The radar signal, which depends on various radar parameters (polarization, incidence angle, and frequency), is also correlated, for bare soils, with soil surface roughness and moisture content [
11]. In an inversion approach, we are led to estimate the two soil parameters MV and HRMS or only one of the two parameters if we have information on the second parameter. Estimating both soil parameters requires two input channels. The ideal way would be to have at least two decorrelated channels, for example two different incidence angles (one low 25° and one high 45°) or two different radar frequencies (C and L for example). This is not possible because the available SAR sensors are mono-wavelength and acquire, on a given date, a backscattered signal at a single incidence angle.
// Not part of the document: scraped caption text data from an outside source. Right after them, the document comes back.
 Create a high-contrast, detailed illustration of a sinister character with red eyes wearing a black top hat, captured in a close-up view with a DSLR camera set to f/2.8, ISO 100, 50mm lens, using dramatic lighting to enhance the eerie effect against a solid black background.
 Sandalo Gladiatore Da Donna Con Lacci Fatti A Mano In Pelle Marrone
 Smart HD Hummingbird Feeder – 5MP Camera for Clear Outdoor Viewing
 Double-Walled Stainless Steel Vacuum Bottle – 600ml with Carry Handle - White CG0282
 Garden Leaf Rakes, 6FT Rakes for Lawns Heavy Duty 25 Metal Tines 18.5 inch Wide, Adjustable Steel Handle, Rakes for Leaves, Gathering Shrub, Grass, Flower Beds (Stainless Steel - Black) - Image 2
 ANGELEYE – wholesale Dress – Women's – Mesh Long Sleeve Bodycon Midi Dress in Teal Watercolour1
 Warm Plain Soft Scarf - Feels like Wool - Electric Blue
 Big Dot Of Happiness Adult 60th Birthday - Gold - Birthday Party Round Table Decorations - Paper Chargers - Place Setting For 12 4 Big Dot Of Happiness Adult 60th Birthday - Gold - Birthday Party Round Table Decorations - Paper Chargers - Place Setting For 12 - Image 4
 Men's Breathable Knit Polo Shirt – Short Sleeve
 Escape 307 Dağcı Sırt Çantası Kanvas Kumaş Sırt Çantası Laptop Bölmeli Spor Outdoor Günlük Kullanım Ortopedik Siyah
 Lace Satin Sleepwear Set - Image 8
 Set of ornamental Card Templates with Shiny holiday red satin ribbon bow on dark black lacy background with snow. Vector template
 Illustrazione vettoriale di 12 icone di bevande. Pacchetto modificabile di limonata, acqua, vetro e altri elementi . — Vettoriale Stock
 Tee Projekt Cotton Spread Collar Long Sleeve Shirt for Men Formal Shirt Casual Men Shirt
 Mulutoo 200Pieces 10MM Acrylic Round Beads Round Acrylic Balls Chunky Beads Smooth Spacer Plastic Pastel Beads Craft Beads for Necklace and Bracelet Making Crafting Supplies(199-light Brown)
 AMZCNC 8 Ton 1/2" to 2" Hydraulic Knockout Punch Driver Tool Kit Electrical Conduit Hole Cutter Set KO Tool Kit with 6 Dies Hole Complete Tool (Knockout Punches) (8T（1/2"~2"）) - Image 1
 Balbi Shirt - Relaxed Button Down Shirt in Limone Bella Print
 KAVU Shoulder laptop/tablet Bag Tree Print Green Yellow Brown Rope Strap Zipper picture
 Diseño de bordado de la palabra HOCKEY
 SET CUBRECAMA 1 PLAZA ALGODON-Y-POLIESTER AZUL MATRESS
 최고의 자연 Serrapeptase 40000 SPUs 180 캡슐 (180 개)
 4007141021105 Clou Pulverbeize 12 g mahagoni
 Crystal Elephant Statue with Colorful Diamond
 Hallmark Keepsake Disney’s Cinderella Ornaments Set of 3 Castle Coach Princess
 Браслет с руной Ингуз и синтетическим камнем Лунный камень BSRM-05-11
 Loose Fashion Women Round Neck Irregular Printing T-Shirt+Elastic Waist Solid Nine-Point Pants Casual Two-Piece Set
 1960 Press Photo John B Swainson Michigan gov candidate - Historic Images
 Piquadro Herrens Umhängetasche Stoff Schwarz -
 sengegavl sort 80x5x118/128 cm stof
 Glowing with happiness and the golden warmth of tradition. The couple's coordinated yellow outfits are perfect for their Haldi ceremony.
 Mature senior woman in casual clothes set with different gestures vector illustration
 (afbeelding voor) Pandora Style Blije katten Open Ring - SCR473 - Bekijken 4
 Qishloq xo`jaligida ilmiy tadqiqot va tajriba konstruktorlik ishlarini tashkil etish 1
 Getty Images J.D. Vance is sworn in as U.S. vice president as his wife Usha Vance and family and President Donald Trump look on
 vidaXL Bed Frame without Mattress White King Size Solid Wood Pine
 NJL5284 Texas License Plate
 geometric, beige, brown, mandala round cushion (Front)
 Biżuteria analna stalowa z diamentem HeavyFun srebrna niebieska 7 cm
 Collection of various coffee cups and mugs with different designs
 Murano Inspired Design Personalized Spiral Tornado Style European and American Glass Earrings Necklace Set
However, on a given date, Sentinel-1 acquires data at C-band and at only one incidence (the incidence angle value depends on the position of the pixel in the image) but with two polarizations VV and VH. As VV and VH are not completely decorrelated for the estimation of soil parameters, the use of both VV and VH in the inversion approach of SAR images does not always allow a good optimization of the estimated values of MVp and HRMS. This ambiguity in the estimation of the couple (MVp, HRMS) can sometimes occur mainly in the case of soils with low HRMS value and high MVp value or vice versa.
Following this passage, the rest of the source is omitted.